Paul McCartney Rejected Ozzy Osbourne — and the Excuse Is Wild

It's not every day a Beatle turns you down, but that's exactly what happened to Ozzy Osbourne.
The Black Sabbath frontman had one wish: to get Paul McCartney to play bass on one of his tracks. He didn't ask for a full Beatles reunion, didn't beg for Yesterday 2.0—just a single bassline. But even that was a no.
The story came straight from Ozzy himself, who told Heat magazine:
"Meeting Paul McCartney was fucking phenomenal. I was in the studio at the same time as him and tried to get him to play bass on one of my songs. But he said he couldn't improve on the bassline that was there."
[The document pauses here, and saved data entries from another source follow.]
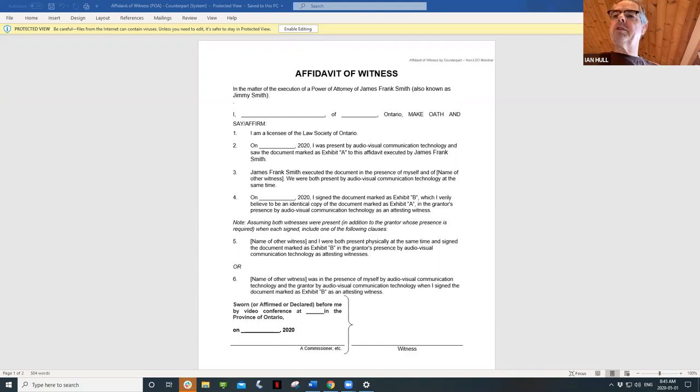A follow-up question: will you also initial each page of the testator's signed copy of the will? In the counterpart situation where documents are couriered by video — no, not that copy.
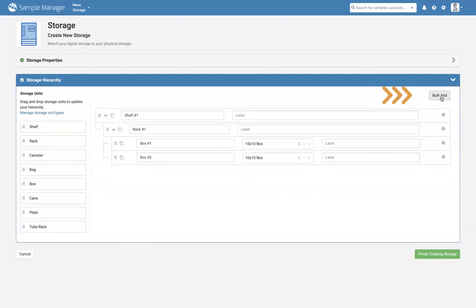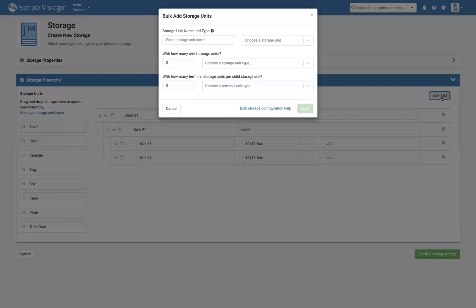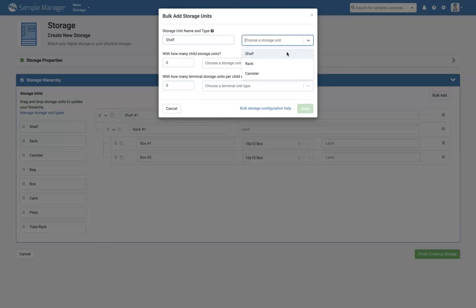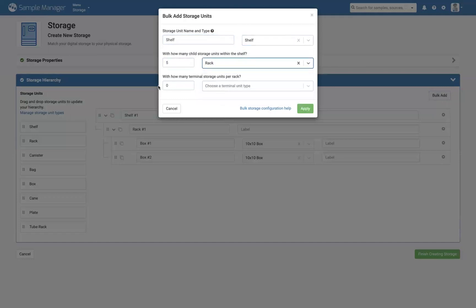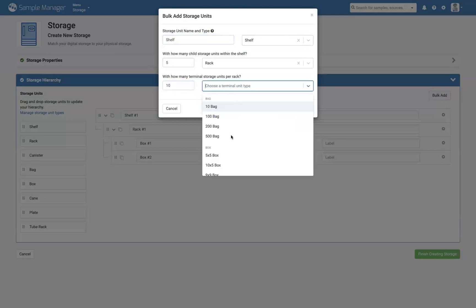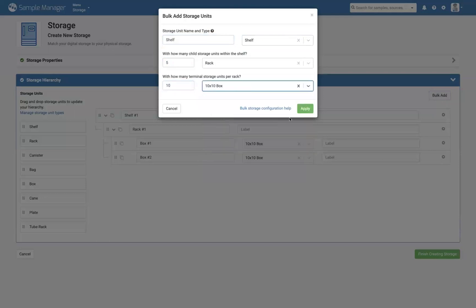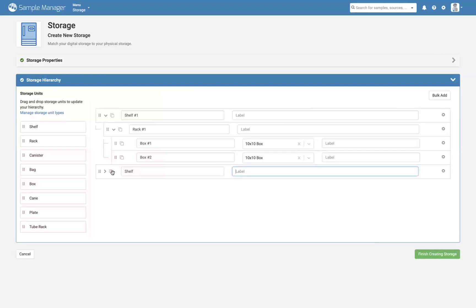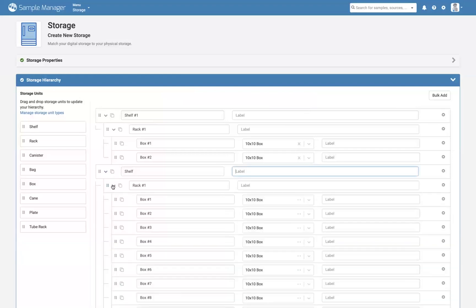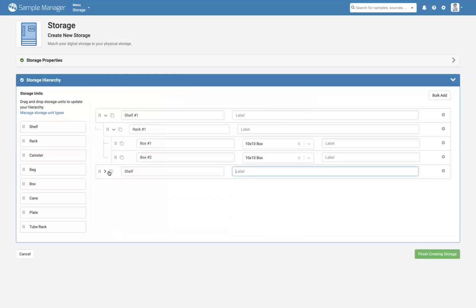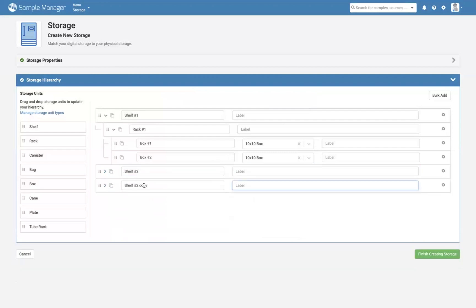If you have a very structured freezer like a liquid nitrogen tank or an ultralow, you can select Bulk Add. Indicate the levels and box sizes and select Apply. For example, I've created a shelf with 5 racks and 10 10x10 boxes in each rack. I can use the Copy icon to copy the shelf hierarchy within my freezer.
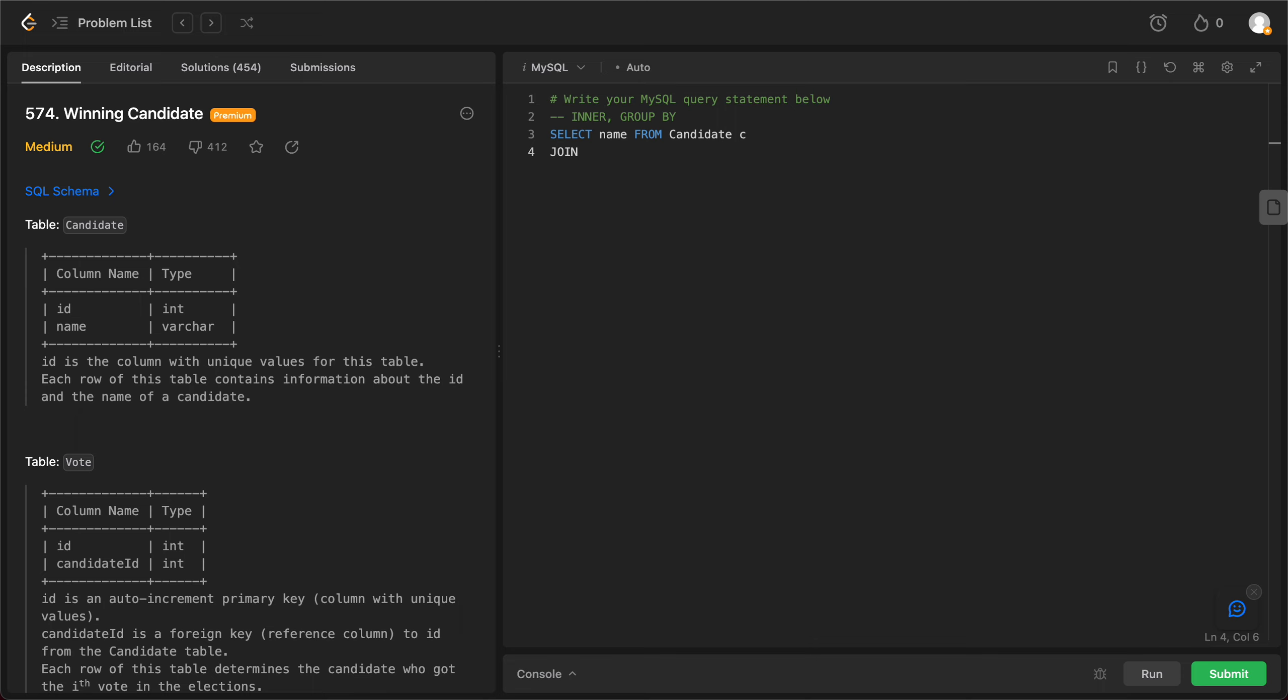With the table vote, and let's name that to be v, on c.id is equal to v.candidate id.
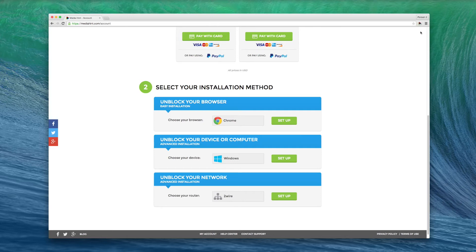Please note, you'll need to remain logged in to an active MediaHint account when using the browser extension.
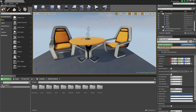Hey everybody, welcome back. In this video we are going to talk about Orthographic Views. At this point you might be asking yourself, what exactly is an Orthographic View? Well, the best way to illustrate that is to show you one inside the Editor here. We have our basic project up that we have been working out of — just a blank project with Starter Content enabled.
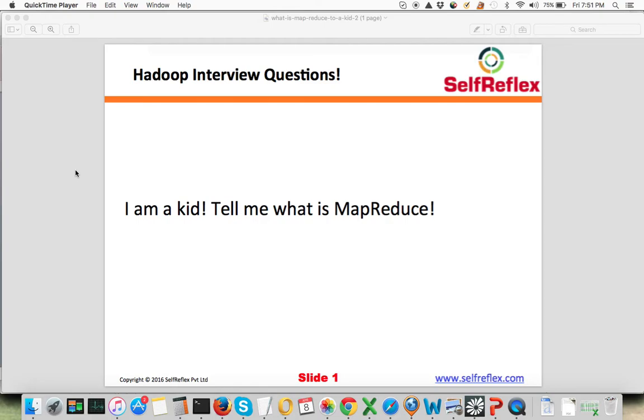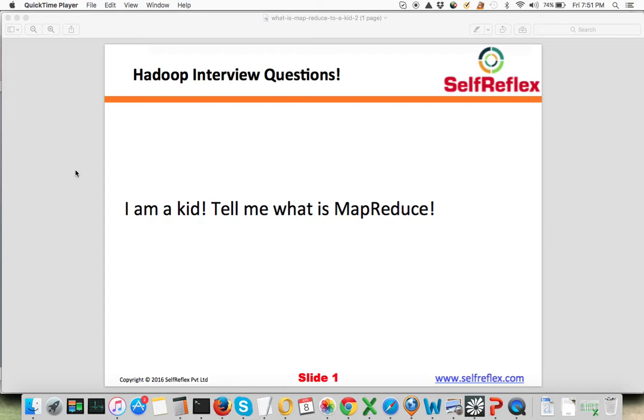Okay, I am a kid, tell me what is MapReduce. Now basically when an interviewer asks this question, what he's looking for is your skills in explaining things to others. How do you explain something that you know to others who might not understand it? How do you explain it in a way so that you can make others understand what you know? The interviewer is expecting that you obviously know what is MapReduce.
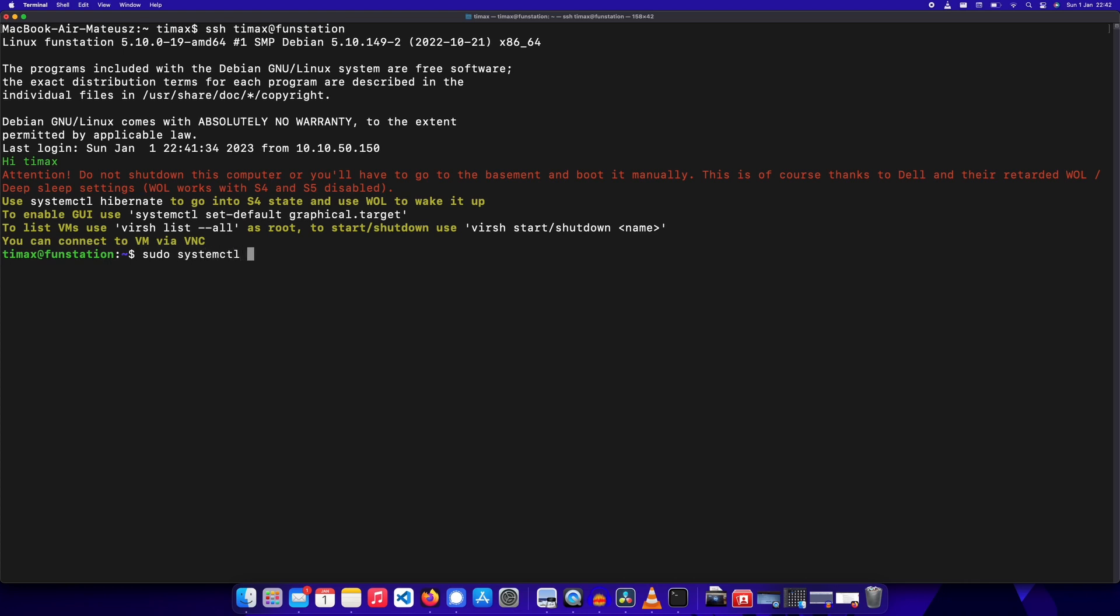In Linux this can be done with systemctl hibernate command. I tested it and it works. I know that this does not solve the problem entirely, but it's the next best thing you can do in this situation. Thanks for watching.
Ozzy, ever the fanboy, pushed back:
"I said, 'Are you kidding? You could piss on the record and I'd make it my life.'"
McCartney's reason? The bassline was already fine. A strange decision, considering this is the same guy who once recorded himself chewing celery for a Super Furry Animals track, flirted with dubstep via The Bloody Beetroots, and sang Ebony and Ivory into history. But for Ozzy? Apparently not the right fit.
And for Ozzy, it really was personal. He's been open about how The Beatles—and McCartney in particular—shaped his entire life. In a 2016 interview, he recalled hearing She Loves You for the first time while growing up in Aston, Birmingham:
"That song turned my head around. I used to sit on my doorstep and think, 'How the hell am I going to get out of here?' And then one day She Loves You came on the radio."
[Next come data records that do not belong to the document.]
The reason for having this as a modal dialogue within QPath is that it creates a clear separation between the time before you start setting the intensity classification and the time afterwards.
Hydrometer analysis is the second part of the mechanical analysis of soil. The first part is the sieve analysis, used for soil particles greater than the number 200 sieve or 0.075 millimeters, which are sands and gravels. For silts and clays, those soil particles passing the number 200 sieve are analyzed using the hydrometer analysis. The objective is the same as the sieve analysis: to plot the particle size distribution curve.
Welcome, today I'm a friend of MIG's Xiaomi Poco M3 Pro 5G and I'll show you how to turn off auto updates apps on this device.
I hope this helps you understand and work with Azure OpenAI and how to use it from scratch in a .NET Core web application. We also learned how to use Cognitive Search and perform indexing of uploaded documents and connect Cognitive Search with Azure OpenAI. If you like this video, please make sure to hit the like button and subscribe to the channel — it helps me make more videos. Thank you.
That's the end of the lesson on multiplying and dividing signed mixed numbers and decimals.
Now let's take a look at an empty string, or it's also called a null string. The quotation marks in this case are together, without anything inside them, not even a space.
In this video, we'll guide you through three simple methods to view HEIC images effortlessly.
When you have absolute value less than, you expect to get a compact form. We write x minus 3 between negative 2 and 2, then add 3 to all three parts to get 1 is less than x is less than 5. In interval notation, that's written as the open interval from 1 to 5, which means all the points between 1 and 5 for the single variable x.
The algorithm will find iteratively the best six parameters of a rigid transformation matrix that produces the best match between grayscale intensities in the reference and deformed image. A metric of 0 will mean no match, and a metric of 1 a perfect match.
He told his son the only way to explain it was this:
"Imagine going to bed in one world, and then waking up in another that's so different and exciting that it makes you feel glad to be alive."
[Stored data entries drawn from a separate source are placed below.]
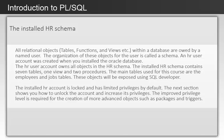The installed HR schema. All relational objects within a database are owned by a named user. The organization of these objects for the user is called a schema. An HR user account was created when you installed the Oracle database.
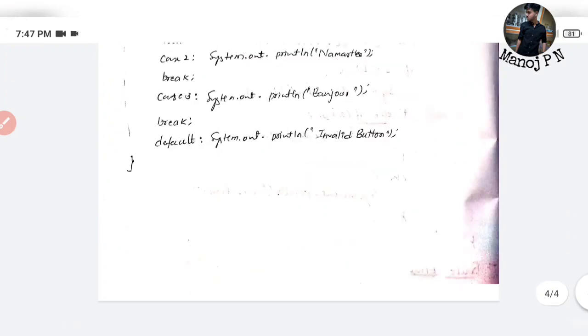This video has the complete information. Thanks for watching the video. Happy learning!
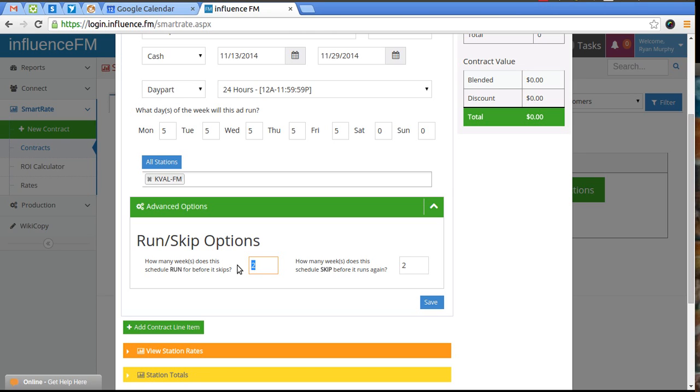Now we can put this out of three and this out of one, whatever it is that you want. So this would run three weeks and then skip one week.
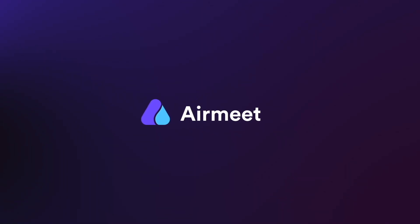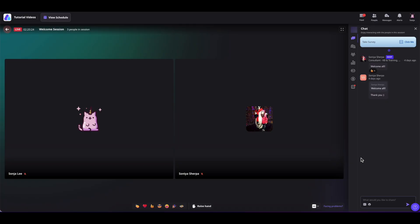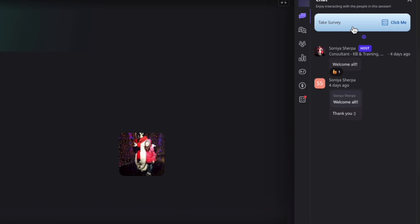Hello there, in this video I will give you a quick guide on how to take the Typeform survey during the live session. Let's get started. While you are inside the live session, you will see this take survey widget at the top of the chat section.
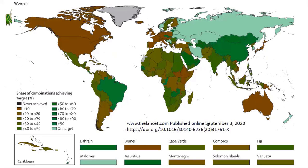A paper published in Lancet in 2018 and another in 2020 reported on the progress of countries to achieve the reduced premature death target. This map is for women — many countries shown in green means they have more than a 50% chance to achieve the target. Thailand, as we can see, is also in green, a little bit dark green, meaning we have a high chance to achieve the target in 2030.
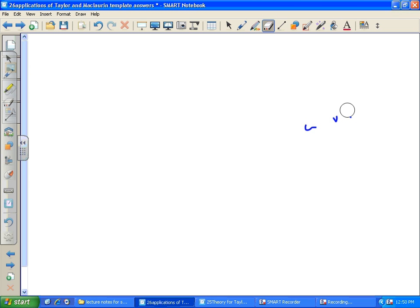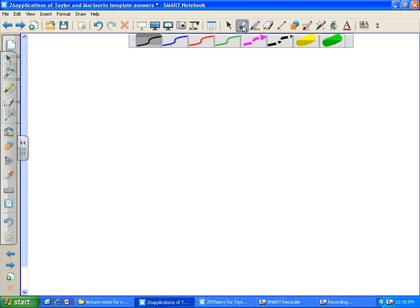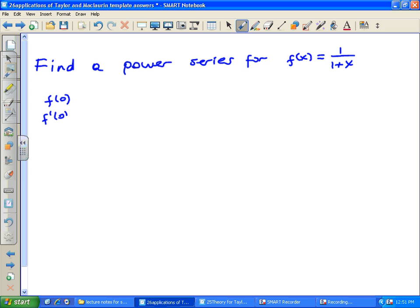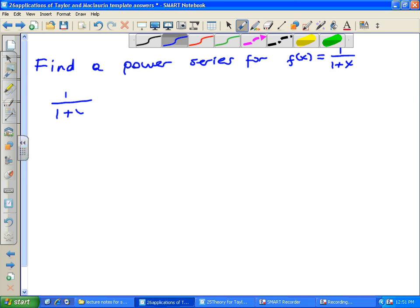We're going to begin with the following example: find a power series for f(x) = 1 over 1 plus x. In the past, we might have used the definition — finding f(0), f'(0), etc., differentiating over and over and plugging the values in. But here's an easier way: look at 1 over 1 plus x as the sum of an infinite geometric series.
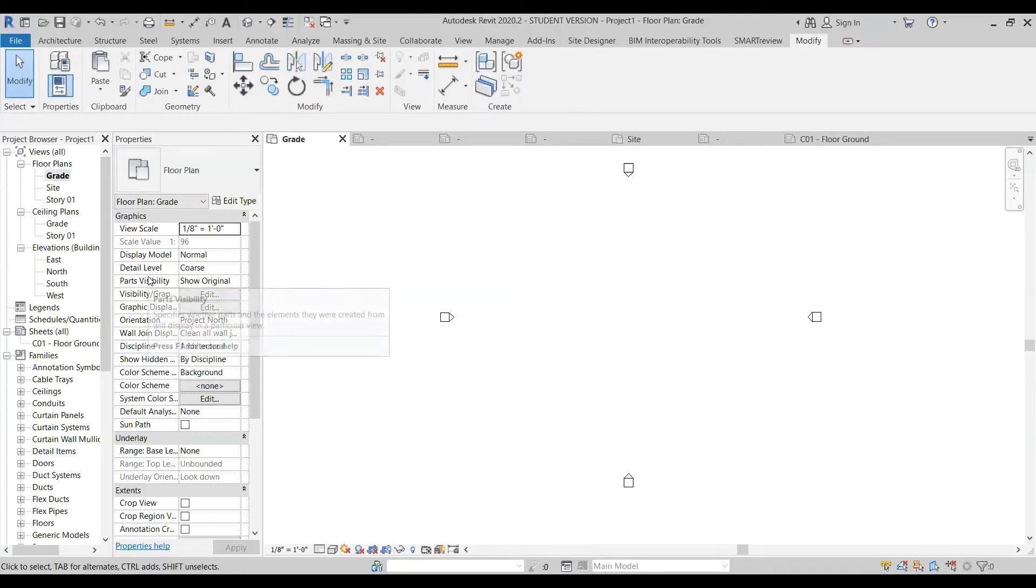There's a lot of conventions related to how sheets are laid out in architecture. Typically we use large formats, we could use small formats, that's not really the issue.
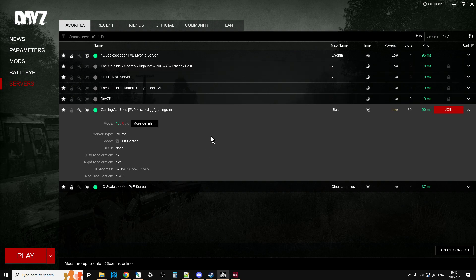So obviously every time you open up the official DayZ launcher, it should download the latest versions of those mods. And from that point on, you can then join that server.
That's how deep it ran. So finally meeting McCartney—and then being turned down for a collaboration—wasn't just a musical miss. It was a full-circle moment that didn't quite close the way he hoped.
Ozzy didn't say which song it was, but the encounter clearly stuck with him. And while McCartney was polite about the rejection, there's a chance the heavier sound just wasn't his scene.
Still, considering his past collaborations (again: celery chewing), you have to admit—it's a weird hill to die on.